The characters grow and develop quite a bit from Generation V. Fortitude Scott is still the same old Fortitude Scott from the last novel, but he has more responsibilities and he is inevitably maturing, which he is coming to terms with. He seems more at peace with his place in the world, and it gives him an easier manner regarding his relationship to his family that he lacked in the previous book. There’s less strain about him, and more ease which gives way to humor. Suzume, the kitsune shifter, was the absolute light of the book for me. She had a humor that would make me break out in laughter (and my husband thinking I am insane). She brings a levity to the book that made the pages just fly by. Fort’s brother, Chivalry, is also a fun addition to the book. Fort’s family interactions are awkward in the extreme and that can often be fairly hilarious.
All of this is to say that the characters are all in line with who they were before, but they are more well rounded, better developed than they were in Generation V. They are real, and the nice addition of humor (in numerous shades) makes a fairly dark plot a lot of fun, which I wouldn’t expect. Brennan has a way about her where she manages to balance the light and the dark elements of her plot perfectly, and it really is something to savor. In fact, her ability to write a kick-ass plot and fuel it with these unforgettable, absolutely real characters is what makes this book fly by.

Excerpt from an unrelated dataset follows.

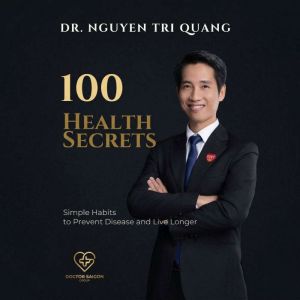 100 Health Secrets, Dr. Quang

I expected to spend a few days reading it, but instead I read it in a day, one sitting, actually. I couldn’t put it down.
That’s the magic here. There’s the main plot and plenty of side plots, as well as some very well done, very understated romantic tension. In fact, it is kind of surprising what Brennan can accomplish in a fairly short book. The murder mystery takes center stage, but around this is a stew of interesting developments, from Fort’s personal and physical developments, the relationships with his family, the rule of his mother, his relationship with Suze, power struggles, and so much more. While many of these elements might be understated, they are there, and Brennan develops them and moves them along deftly. She’s got a skill with development in both plot and characters that she really shows off in Iron Night.
The ending feels natural and not the least bit rushed, which is a complaint I commonly have with shorter books. Many of the plot threads are tied neatly together, but there are enough left open that it is obvious that more books in the series are planned. In fact, I cannot wait for those other books. So much was accomplished and so many side plots were left open, that I am beyond thrilled to see where Brennan takes this series next.
So what am I saying here? Basically, I loved this book. I absolutely loved it. Every aspect of Iron Night was done with thought and a wry sort of grace that just worked on every single level. This is urban fantasy the way it should be done. Brennan is a master of her craft. Iron Night is layered, and nuanced, and full of humor and laugh-out-loud moments. The characters are the kind of people I’d like to spend a night with at a bar. Interesting, but believable, and down to earth despite their somewhat surreal elements. Iron Night is a feat; it sets the bar incredibly high, and shows everyone just how fantastic, fun, and thoughtful this genre can be when in the hands of a master.